Réflexion du nouvel an

“Dieu écrit sa propre révélation dans l’apparence des événements du monde”,
Léon Bloy – Dans les ténèbres.

Pour le christianisme, le temps a un début et une fin

Le monde a commencé dans le temps, il a été créé librement et il finira dans le temps.
(contrairement à la croyance panthéiste d’un monde éternel et nécessaire)

La création est centrée sur le Christ : la Genèse et les prophéties préparent son avènement et, à partir de son incarnation, l’histoire prend comme sens la fin des temps, l’Apocalypse, l’eschatologie ou venue du règne de Dieu dans le monde. L’histoire de l’homme devient celle de Dieu, de l’incarnation progressive de Dieu dans l’homme, de Dieu se faisant homme.

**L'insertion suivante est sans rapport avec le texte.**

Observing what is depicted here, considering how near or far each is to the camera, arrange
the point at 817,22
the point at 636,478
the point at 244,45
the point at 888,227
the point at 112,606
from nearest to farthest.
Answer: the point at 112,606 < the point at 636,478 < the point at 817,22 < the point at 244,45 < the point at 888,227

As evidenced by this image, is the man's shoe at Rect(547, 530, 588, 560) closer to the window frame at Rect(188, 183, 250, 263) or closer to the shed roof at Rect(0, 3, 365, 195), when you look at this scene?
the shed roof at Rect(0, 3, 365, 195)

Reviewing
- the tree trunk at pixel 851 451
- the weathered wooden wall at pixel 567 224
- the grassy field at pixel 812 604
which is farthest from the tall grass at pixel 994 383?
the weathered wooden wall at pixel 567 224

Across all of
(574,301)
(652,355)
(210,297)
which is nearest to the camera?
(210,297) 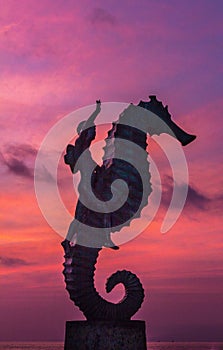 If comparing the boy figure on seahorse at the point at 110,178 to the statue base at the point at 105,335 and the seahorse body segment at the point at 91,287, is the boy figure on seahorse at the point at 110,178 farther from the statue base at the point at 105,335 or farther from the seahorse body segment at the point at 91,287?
the statue base at the point at 105,335

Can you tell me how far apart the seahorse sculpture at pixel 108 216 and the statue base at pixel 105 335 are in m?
0.43

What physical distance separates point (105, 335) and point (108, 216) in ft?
11.2

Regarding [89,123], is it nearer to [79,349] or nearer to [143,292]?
[143,292]

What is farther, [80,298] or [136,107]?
[136,107]

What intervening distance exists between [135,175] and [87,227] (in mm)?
2130

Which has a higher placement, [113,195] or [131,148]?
[131,148]

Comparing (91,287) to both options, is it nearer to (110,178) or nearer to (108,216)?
(108,216)

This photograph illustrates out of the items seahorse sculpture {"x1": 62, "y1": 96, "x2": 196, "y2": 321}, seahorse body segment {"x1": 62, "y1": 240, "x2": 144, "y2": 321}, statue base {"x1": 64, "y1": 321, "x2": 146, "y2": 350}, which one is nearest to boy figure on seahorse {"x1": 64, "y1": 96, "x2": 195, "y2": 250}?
seahorse sculpture {"x1": 62, "y1": 96, "x2": 196, "y2": 321}

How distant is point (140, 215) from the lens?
19781mm

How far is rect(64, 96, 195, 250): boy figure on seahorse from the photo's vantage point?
19.5 meters

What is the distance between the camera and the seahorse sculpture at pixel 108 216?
19344 mm

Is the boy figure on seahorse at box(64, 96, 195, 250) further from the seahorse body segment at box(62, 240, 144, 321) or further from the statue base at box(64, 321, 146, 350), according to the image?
the statue base at box(64, 321, 146, 350)

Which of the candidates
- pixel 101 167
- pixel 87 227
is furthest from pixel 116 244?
pixel 101 167

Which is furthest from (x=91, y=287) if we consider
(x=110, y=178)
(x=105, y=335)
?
(x=110, y=178) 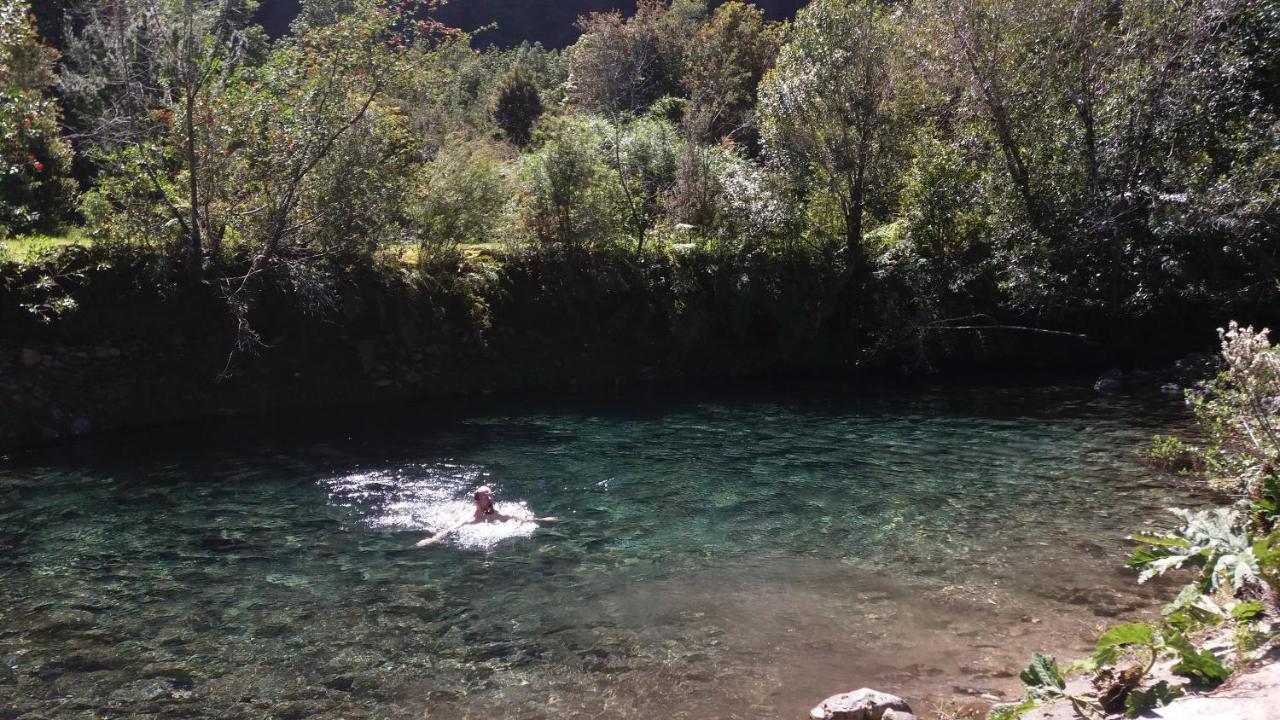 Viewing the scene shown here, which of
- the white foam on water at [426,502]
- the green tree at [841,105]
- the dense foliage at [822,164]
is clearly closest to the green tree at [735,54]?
the dense foliage at [822,164]

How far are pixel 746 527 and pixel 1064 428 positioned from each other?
320 inches

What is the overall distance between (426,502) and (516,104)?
3664 centimetres

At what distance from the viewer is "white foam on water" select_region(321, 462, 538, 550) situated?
10.5m

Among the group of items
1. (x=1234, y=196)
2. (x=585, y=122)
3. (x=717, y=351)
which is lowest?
(x=717, y=351)

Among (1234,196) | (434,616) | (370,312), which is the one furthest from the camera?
(370,312)

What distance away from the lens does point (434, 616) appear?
795 cm

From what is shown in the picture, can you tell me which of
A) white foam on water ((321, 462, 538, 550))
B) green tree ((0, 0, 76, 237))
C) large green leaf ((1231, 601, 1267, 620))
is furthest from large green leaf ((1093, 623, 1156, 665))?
green tree ((0, 0, 76, 237))

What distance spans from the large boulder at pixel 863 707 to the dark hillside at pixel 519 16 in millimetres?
81016

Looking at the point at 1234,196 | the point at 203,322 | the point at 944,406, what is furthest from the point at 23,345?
the point at 1234,196

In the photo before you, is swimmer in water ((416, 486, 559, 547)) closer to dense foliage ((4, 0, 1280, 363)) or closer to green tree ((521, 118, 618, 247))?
dense foliage ((4, 0, 1280, 363))

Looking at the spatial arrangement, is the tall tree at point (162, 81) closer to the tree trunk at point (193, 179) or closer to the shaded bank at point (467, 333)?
the tree trunk at point (193, 179)

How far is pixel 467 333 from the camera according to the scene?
20.2m

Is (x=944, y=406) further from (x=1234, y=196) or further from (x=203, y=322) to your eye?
(x=203, y=322)

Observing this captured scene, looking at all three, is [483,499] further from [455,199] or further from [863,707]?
[455,199]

Alors que le temps pour l’hellénisme ou l’hindouisme est circulaire, reproduisant la sphère du monde, la sphère étant le symbole de la perfection mais aussi de la nécessité enfermée en elle-même, le temps du christianisme est rectiligne, il est « via recta », la voie droite.

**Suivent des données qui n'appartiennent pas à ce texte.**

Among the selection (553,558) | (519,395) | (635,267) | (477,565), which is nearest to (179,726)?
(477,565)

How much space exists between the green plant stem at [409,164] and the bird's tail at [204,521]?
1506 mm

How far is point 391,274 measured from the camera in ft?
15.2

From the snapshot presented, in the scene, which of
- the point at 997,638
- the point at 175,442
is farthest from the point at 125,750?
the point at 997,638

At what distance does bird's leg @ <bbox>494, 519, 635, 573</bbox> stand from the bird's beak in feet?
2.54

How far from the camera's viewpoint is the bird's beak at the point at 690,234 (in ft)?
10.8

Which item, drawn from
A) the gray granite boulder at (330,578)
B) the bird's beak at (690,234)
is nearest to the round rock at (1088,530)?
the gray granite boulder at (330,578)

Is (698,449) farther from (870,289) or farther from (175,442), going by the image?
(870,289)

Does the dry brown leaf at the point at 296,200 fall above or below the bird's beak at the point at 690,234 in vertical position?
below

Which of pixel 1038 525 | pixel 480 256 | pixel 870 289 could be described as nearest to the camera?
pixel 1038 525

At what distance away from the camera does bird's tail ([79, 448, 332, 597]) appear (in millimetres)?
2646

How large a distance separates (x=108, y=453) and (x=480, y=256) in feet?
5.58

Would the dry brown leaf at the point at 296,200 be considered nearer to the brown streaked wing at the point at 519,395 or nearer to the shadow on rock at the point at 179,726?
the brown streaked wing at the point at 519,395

L’histoire est histoire sainte, l’histoire a pour but le salut de chaque homme, c’est-à-dire la sanctification de chaque homme puisque le Christ ne viendra parachever l’oeuvre de la Création que lorsque « Dieu sera tout en tous ». Le temps est la distance de nous-mêmes à nous-mêmes, de nous-mêmes à Dieu.

Si le temps est la prise de conscience progressive de notre éternité, c’est parce que l’éternité est la vie de l’amour. C’est parce que l’amour est infini que nous ne cesserons jamais de nous unir à lui. Amour qui est à la fois présence et absence puisque l’union est toujours déjà là et toujours à venir, l’éternité étant la présence de l’Être et notre présence à l’Être, tandis que le temps est le mouvement de l’amour.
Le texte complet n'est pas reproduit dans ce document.